If I have one complaint against COD, and I do, it's that it takes me about 30000 years to connect to a game online, and that's not even when I'm trying to enter a game in a party with Ianardo. When that happens, the game will either drop one of us or both of us and then make us add each other again then take 30000 years to find a game then drop one or both of us and repeat the cycle. While this makes me want to shoot myself in the face, the match we actually DO get to play in often numbs my anger, making me forget the many hours of my life I've wasted waiting to pwn.

Lastly, get COD on the PS3 and add me as a friend. You know you want to.

KILLZONE 2

Killzone 2 is stunning. The environments are beautiful. The game play is incredibly realistic. The grenades are super fun to use. Levelling brings you classes which are actually useful in their diversity. The aiming system is great and the missions in the multiplayer mode are not only fun but actually require team work and a different range of classes to really accomplish.

In Killzone you begin as a soldier with a choice of two different but incredibly similar automatic rifles.
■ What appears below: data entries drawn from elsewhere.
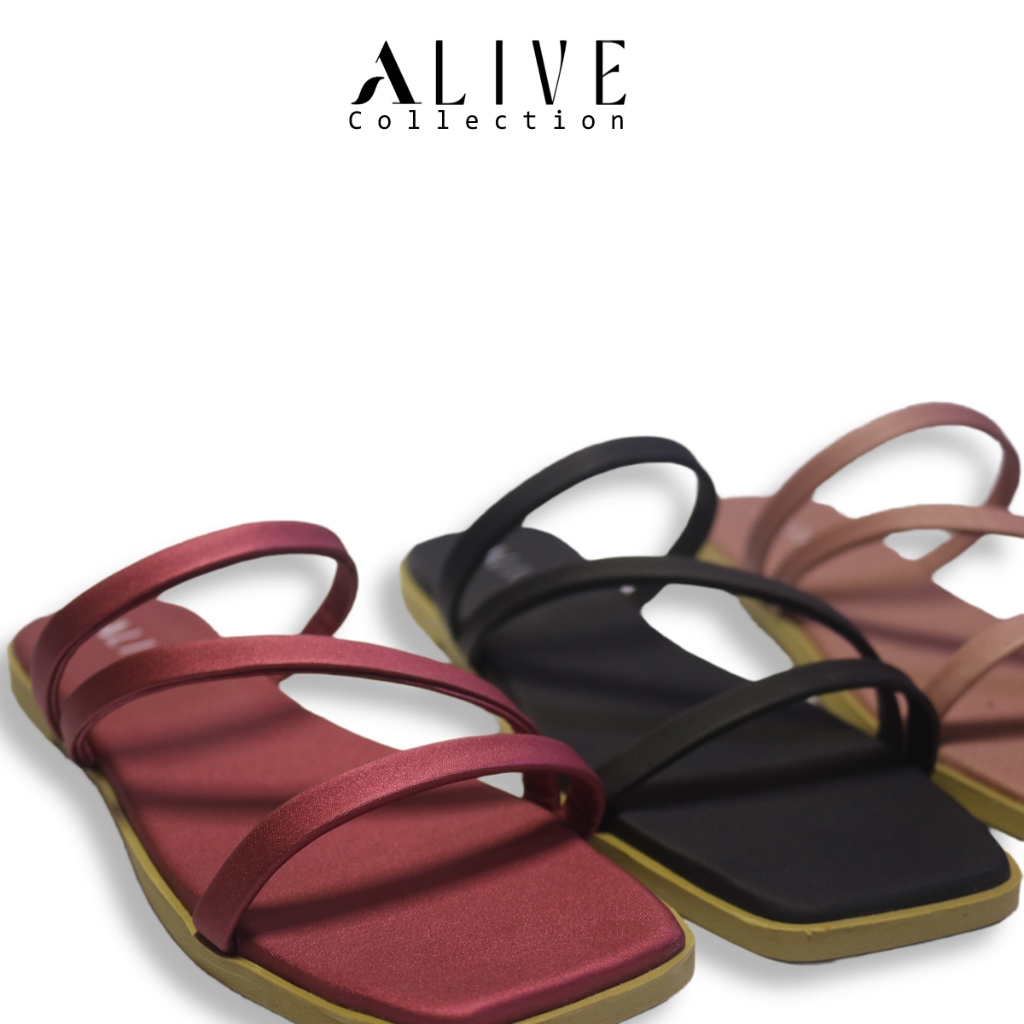ALIVE - Sandal Flat Wanita DIVA by Alive Collection sendal kekinian ORIGINAL - Sandal Murah Berkuali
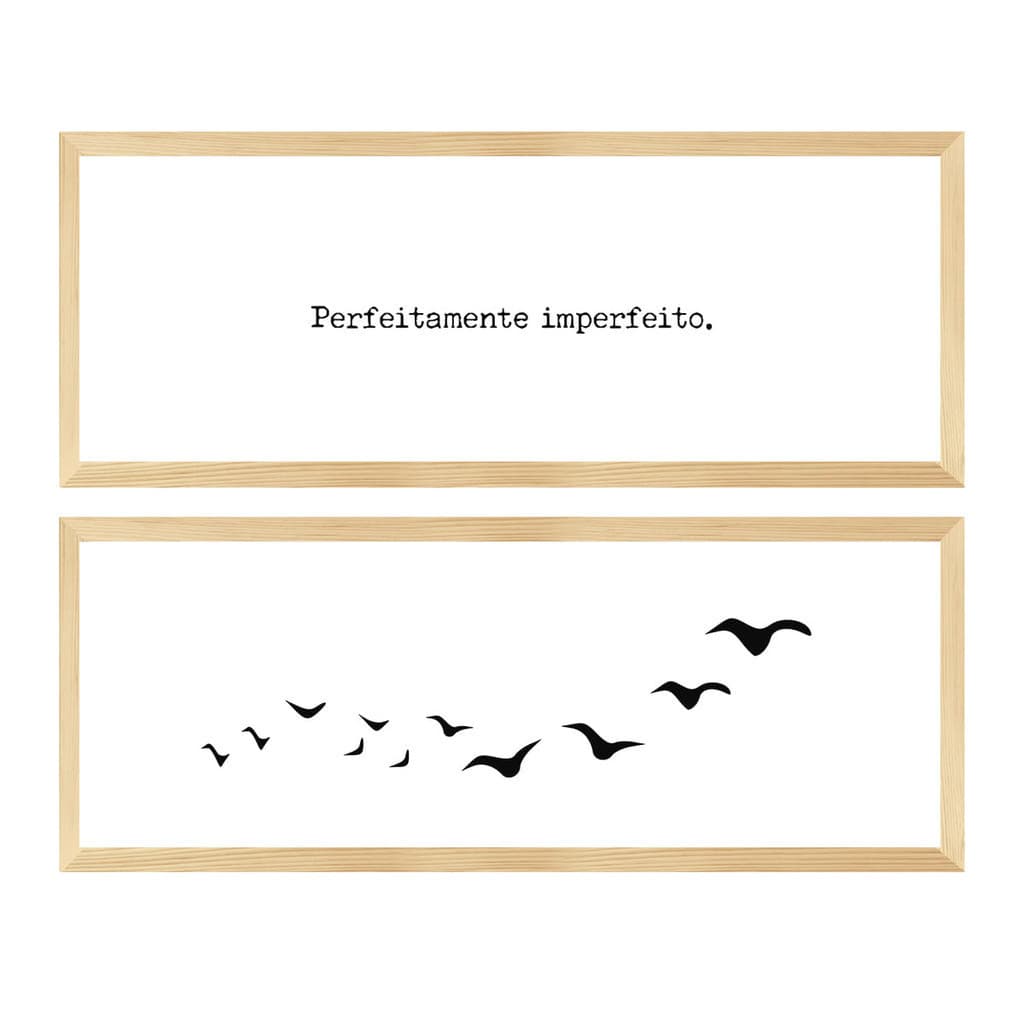 Dupla Quadros Decorativos Frases Passáros Criação Escritório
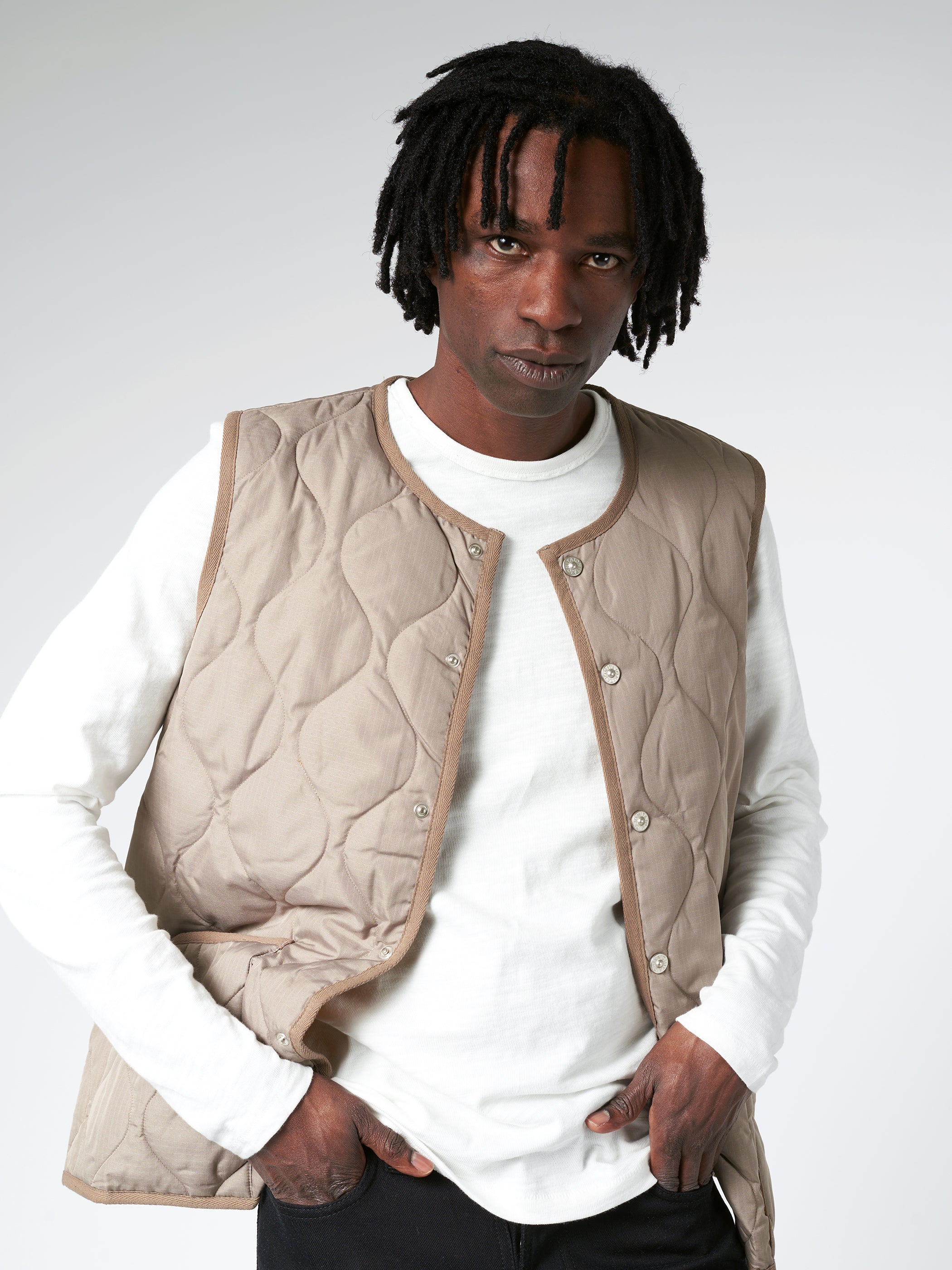 Military Crew Neck Down Vest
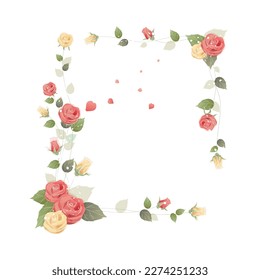 Abstract frame leaves with watercolor flowers
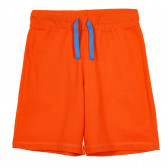 Pantaloni scurți din bumbac cu logo-ul mărcii, portocaliu Benetton 243452 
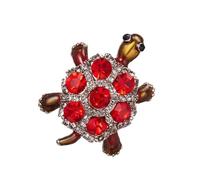 Broche rétro en forme de tortue en alliage et strass - Design minimaliste - Broche de corsage à attacher aux pulls et sacs à main - Broche vintage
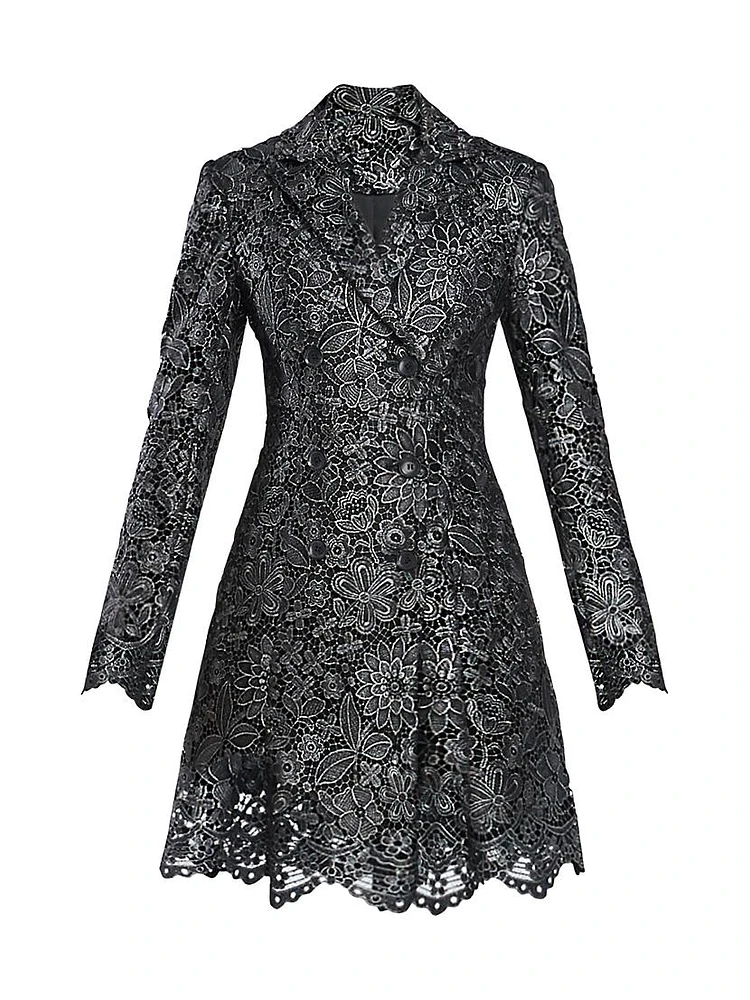 Metallic Lace Blazer Dress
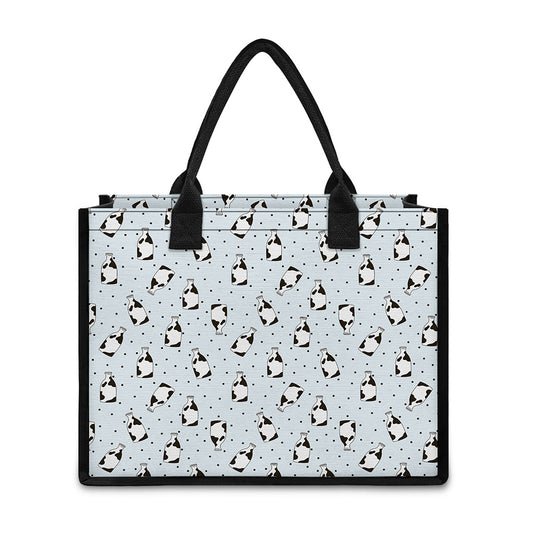 Cow Milk Bottle Pattern Print Canvas Tote Bag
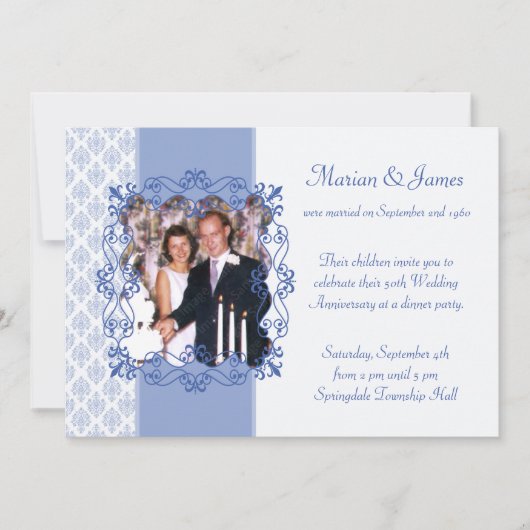 写真 50周年結婚記念パーティー招待状 招待状 (正面)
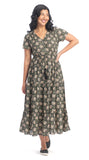 Organic Cotton V-Neck Dress with Three-Tier Skirt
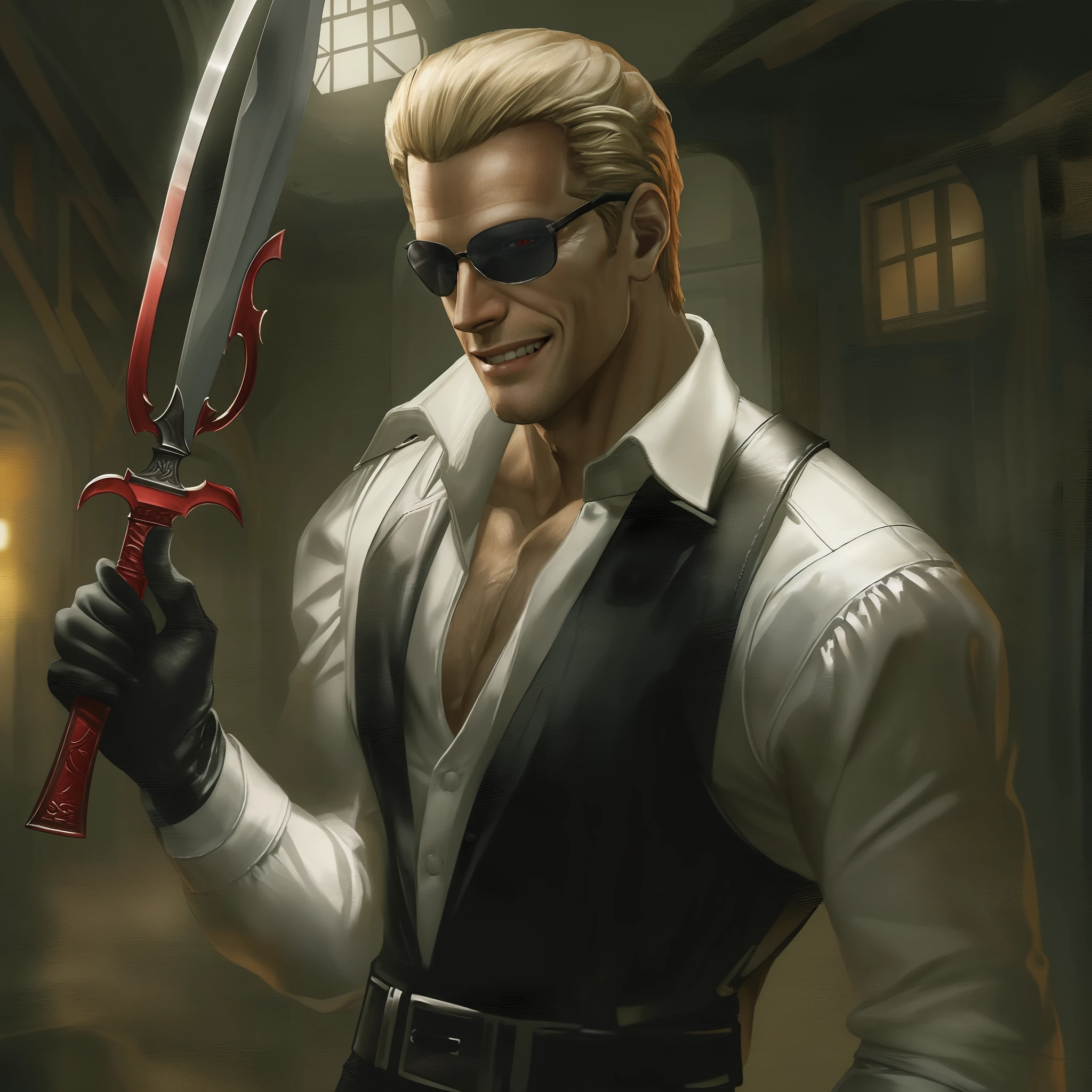 Albert Wesker, in a village, holding a dagger, wearing a frilly white shirt, tight black leather pants, red eyes, slicked back blonde hair, grinning, high quality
These rifles are your bread and butter, and unlike MAG (Massive Waste of Time) these rifles will serve purpose of killing people no matter what your level of accomplishment is.

When you are introduced to new classes and a different array of weaponry, there are clear choices to be made about what role you wish to play during the game, and upon death you can alter these choices to suit the current objective or if you just want to see how it looks when someone else's face is blown off with a different gun. My favourite class would have to be Scout, as they can deploy flares which allow fellow players to spawn at this point. Tactical game play anyone?

However, I have two problems with the game. No.1 is that this game is in desperate need of a killcam, and that's because of reason no. 2.

This games levels are stunning to play in, but are not as balanced as they could or should be. For instance, I found a spot, despite being quite in the open, gave me a terrific, and I mean TERRIFIC, view of enemy players. I was able to kill about 20-30 odd players without a single death. This wasn't due to incredible skill or accuracy (even though I have both). It was due to my excellent position and due to the fact none of the opposing players could figure out where I was. A killcam would be great here, as I got bored with continually shooting down players and they were probably quite furious with getting shot down without ever knowing where I was. If at that stage I had the sniper rifle, I have no doubt that I could have easily racked about 50 kills, and once again to clarify, not because of how awesome I am (and I am reinstating that I am), but because of this position.

Another problem I've found with the level design is that in death matches, more often than not, one team ends up holed up in their base (which is the default place to spawn) and then having to continually fire out and throw grenades through a single door.

In conclusion, I am tipping one of my horns to COD and the other to Killzone, as they have proven themselves to be excellent. To MAG, however, I give you my middle finger and hope you get dysentery.